Texting, Tweeting And The “Always On” Society: Teenagers Are Not Alone In Their Addiction To The Smallest Screen – Column 5.10.12
JOYCE MCMILLAN for The Scotsman 5.10.12
IT’S TUESDAY night at the Royal Lyceum, and the performance of Michel Tremblay’s The Guid Sisters is going well; in fact, it’s a blast, one of the most gripping and enjoyable live theatre shows of the year. It’s not good enough, though, to hold the undivided attention of the man in his 30’s who’s sitting next to me in the stalls; for furtively, under the folds of his jacket, he is sending text messages, chatting away to someone down the road, or in another city.
Nor is he alone; more and more often, in the theatre, shows are disrupted by people who simply can’t switch their phones off, even for the brief hour between curtain-up and the interval.
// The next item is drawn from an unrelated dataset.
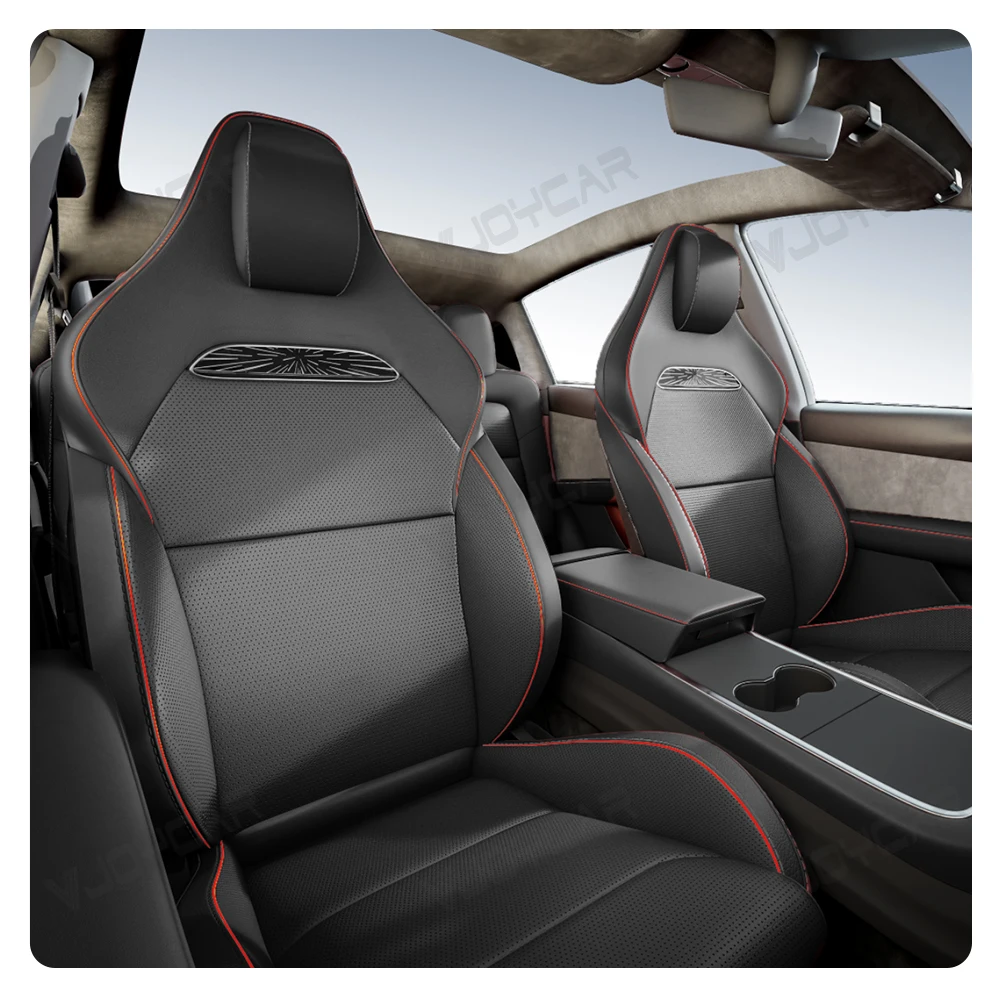 Kit asientos deportivos Vjoycar ventilados piel napa – Tesla Model 3 Highland y Y Juniper - imagen 2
People enjoying all-star musicals persistently try to take photos or videos and send them during the shows, and are indignant when asked to stop; and last year, at a National Theatre of Scotland touring show about truancy, I heard a bunch of secondary schoolkids gasping in disbelief at a request that they switch their phones off during the 50-minute performance, as if the loss of their web-connected “limb”, even for that short time, represented a major breach of their human rights.
So it was with a certain weariness of spirit that I eyed this week’s gloomy headlines about a “breakdown in school discipline”, caused in part by pupils insisting on using mobile phones during lessons; not because mobile phones in class present no problem, but because the debate about the communications revolution, and how it is changing our society, cannot be contained within the familiar frame of a lament about today’s young people. For a brief year back in the 1970’s, I attempted to become a secondary school teacher in Edinburgh; I found the task – which essentially amounts, in theatrical terms, to giving a five or six-hour solo performance every day in front of a captive and often hostile audience, while at the same time imparting substantial amounts of knowledge, and righting many of the wrongs of society – so far beyond my ability that I have been lost in admiration for anyone who can sustain it, ever since.
And as I read yesterday’s reports about disruption in Scottish classrooms, it seemed obvious that although the technology in the pupils’ hands has changed, the balance between kids who want to learn, and kids who are determined to disrupt, remains almost exactly the same, with a well-behaved majority constantly thwarted in their work by four or five loud-mouthed hoodlums in each class. As I walked away from my last class in 1977, I thought that the only thing that would ever tempt me back into the role of classroom teacher would be an absolute right to dismiss disruptive students and send them elsewhere, so that the rest of us could get on with the job. Alas, that basic disciplinary infrastructure did not exist then, and apparently does not exist now; and in its absence, problems ensue, whether children are using mobile phones to challenge the teacher, or just a few rude drawings on the blackboard.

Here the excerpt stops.